### RAW DATA
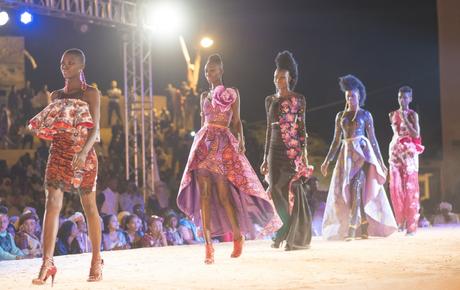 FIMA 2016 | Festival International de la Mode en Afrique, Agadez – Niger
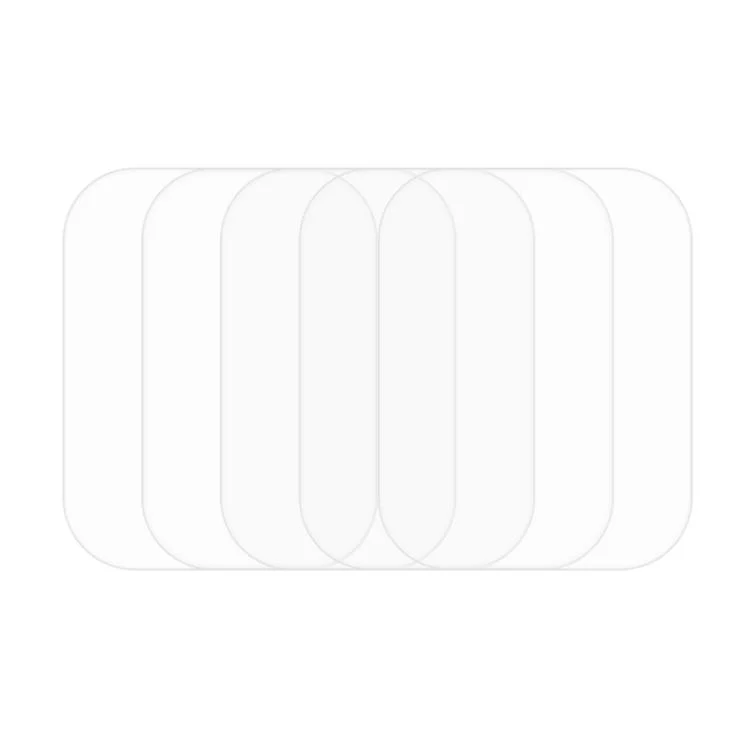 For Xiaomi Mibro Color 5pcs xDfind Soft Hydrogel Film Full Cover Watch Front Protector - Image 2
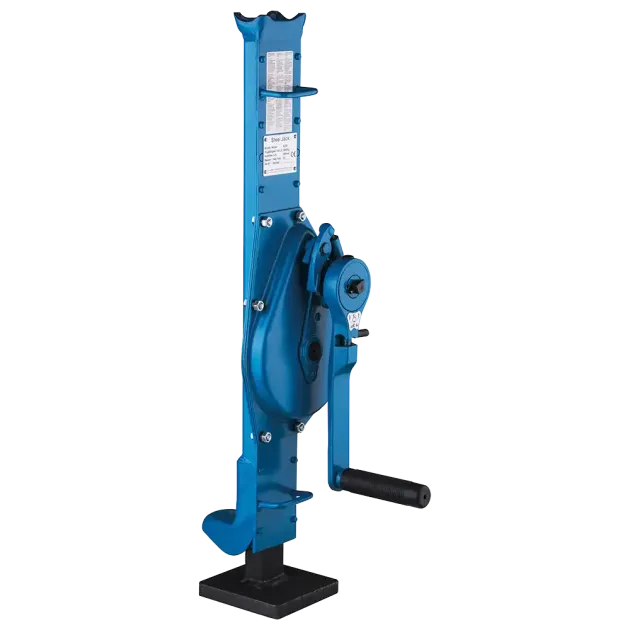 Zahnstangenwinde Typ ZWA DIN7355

### WHAT THE EXERCISE ASKS
Set the listing above down again exactly, leaving pictures out.

### EXERCISE SOLUTION
 FIMA 2016 | Festival International de la Mode en Afrique, Agadez – Niger
 For Xiaomi Mibro Color 5pcs xDfind Soft Hydrogel Film Full Cover Watch Front Protector - Image 2
 Zahnstangenwinde Typ ZWA DIN7355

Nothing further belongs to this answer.